I have received 4 spammy emails in the past 3 days from the same sender.
Background info:
The sender is a friend in my email contacts.
The email “To” line contains 5 or 6 names, some of which are mutual friends of mine and the sender, but listed weirdly, with the letters utf 8 added between the names…
The “To” line reads: utf 8 JoeSmith, utf 8 David, utf 8 MikeJones
I’m guessing that a hacker accessed my friend’s email contacts, and used his address to send a message to everybody in the list.
Now my question, which is about the content of the spammed mails:
each mail contains nothing but a link. the link starts with https and goes to a site called t.co . Am I right that this is a twitter link?
The full link is similar to https:// t.co/ XMAA12345F
(without the spaces). there are 10 characters after the final slash,
but the 10 characters are different each time.There is no other text or attachment.
So my question is : how dangerous would it be if I had clicked on the link? What is the spammer trying to do?
I have no idea what the spammer was trying to do, but I sure wouldn’t click on a link from any spam email I received. Better safe than sorry.
You might want to contact one of your cohorts, who presumably got the same message you did, and see if they clicked on the link, and if they did, what happened.
Yeah, I wouldn’t bother analyzing a spam email link, much less click on it. Assume it’s dangerous. My default is instant delete, no questions asked.
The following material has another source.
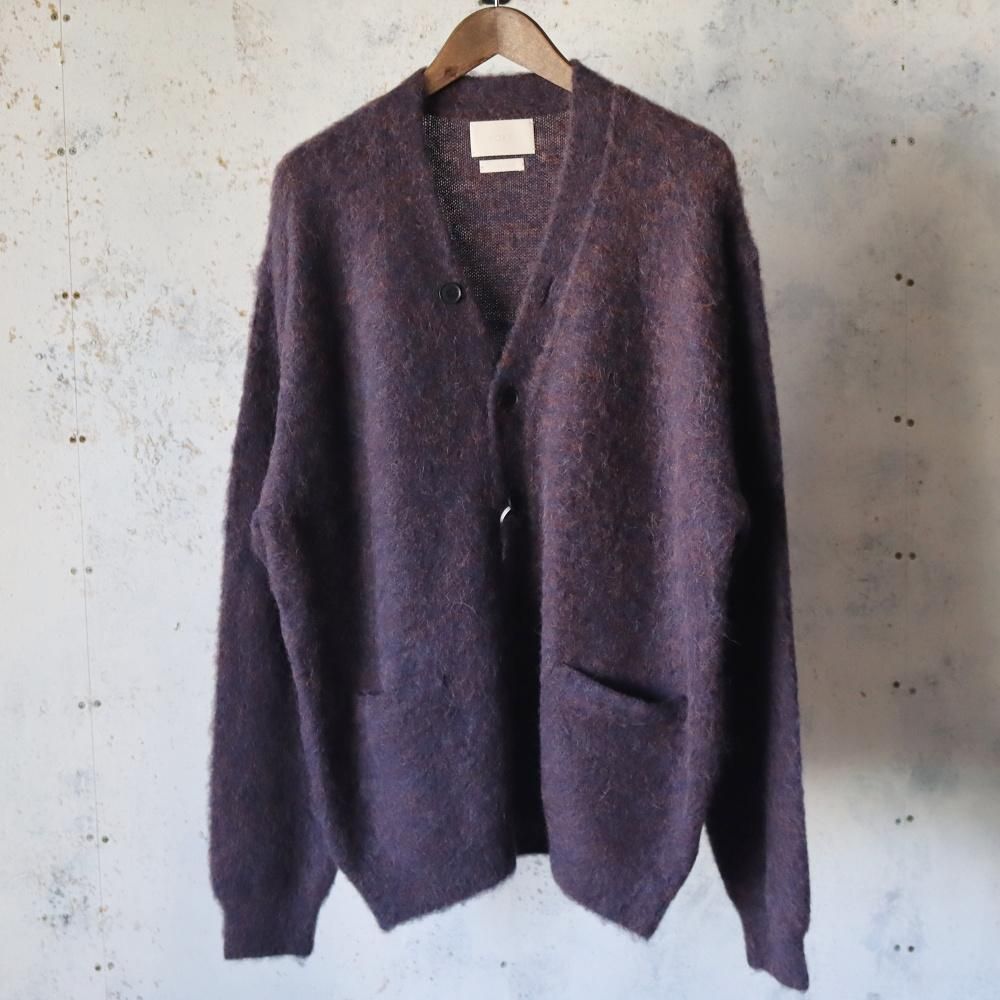 YOKE  3Color Mix Baby Alpaca Cardigan(Brown navy)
The OP is like “what would happen if I poked this hornet nest with a chopstick?”
that’s what I was wondering. I had heard that t.co links were supposed to be safe.
Also, I’m wondering why each link is different. If a spammer wants me to click on his website, or download his virus, or whatever, why create a different link each time?
With shortening, many pseudo-links can point to the same thing. Creating pseudo-links is very simple, i.e., can be automated, and avoids filters. Someone setting up a filter would have to block each pseudo-link.